According to the ASPCA, approximately 5 to 7 million cats and dogs end up in animal shelters in the United States every year. Roughly 70 percent of those cats, and 60 percent of those dogs, for a total of 3 to 4 million cats and dogs, are euthanized. That means that on any given day, somewhere between 8,000 and just under 11,000 animals are euthanized in shelters; not only are most of these animals perfectly healthy , adoptable companion animals, many of them are euthanized after a very brief waiting period, having been give little to no chance to be adopted. Furthermore, the method used to euthanize them varies from shelter to shelter as well as by state. Many places still use the heart stick method or gas chamber.
The good news is that we can all do our part, however small, to reduce these numbers.
We can all start by spaying and neutering our own pets.
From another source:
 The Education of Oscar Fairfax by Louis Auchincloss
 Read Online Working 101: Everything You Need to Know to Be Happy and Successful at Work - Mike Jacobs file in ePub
Preventing overpopulation is vital; it helps prevent animals from ending up in a shelter in the first place. Many litters of puppies and kittens are taken to shelters because their owners are simply unable or unwilling to care for additional animals. Spayed and neutered pets don’t produce more litters, so that reduces the number of pets entering shelters. There are many low cost, and even no cost, spay and neuter programs in place. You can contact your local shelter or veterinarian for information on programs locally.
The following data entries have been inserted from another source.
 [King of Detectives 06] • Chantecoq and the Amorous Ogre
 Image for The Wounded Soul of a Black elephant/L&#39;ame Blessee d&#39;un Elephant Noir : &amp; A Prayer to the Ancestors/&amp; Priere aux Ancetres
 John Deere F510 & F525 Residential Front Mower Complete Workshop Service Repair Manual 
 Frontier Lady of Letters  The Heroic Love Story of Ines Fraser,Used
Don’t shop, adopt! When you’re ready to bring a new furry family member into your home, why not go to your local animal shelter or rescue group to find them? You will literally save a life! You will also open up that spot for yet another animal to have a chance at being adopted. Shelters and rescue groups constantly have pets in need of loving homes. Why not begin your search there? Even if you’re looking for a purebred pet, there are many breed specific rescues. Also, according to the ASPCA, roughly ten percent of pets that end up in shelters are purebreds. Talk to anyone who has adopted their fur kids from a shelter or rescue, we’ll tell you it’s the best thing we ever did.
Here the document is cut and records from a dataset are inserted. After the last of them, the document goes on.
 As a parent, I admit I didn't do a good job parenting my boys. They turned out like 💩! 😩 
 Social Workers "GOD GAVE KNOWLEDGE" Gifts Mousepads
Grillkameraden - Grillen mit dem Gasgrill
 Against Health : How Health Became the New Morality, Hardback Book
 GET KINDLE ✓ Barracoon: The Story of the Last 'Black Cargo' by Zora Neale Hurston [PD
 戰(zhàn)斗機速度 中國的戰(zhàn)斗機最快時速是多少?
Volunteer and contribute what you can to your local animal shelter or rescue group. Obviously, no one can do everything, but we can all do something. Consider making a one time donation to your favorite animal rescue group, possibly out of your tax refund. If you’re able, consider setting up an automatic monthly donation of an amount you’re comfortable with. Every little bit helps. If you have the time, drop by and help walk and socialize the shelter dogs, or play with the cats and clean their litter boxes. It isn’t glamorous, but it has to be done. On a smaller scale, you can pick up some extra food or litter when it’s on sale and take it to your local animal shelter. Animal shelters are constantly in need of fresh linens. Why not take your old towels and blankets to your local shelter? Many animal shelters have their wish lists available on-line, take a look at what your local shelter needs and see what you might be able to be help with.
If everyone just does a little bit we can save literally millions of lives every year.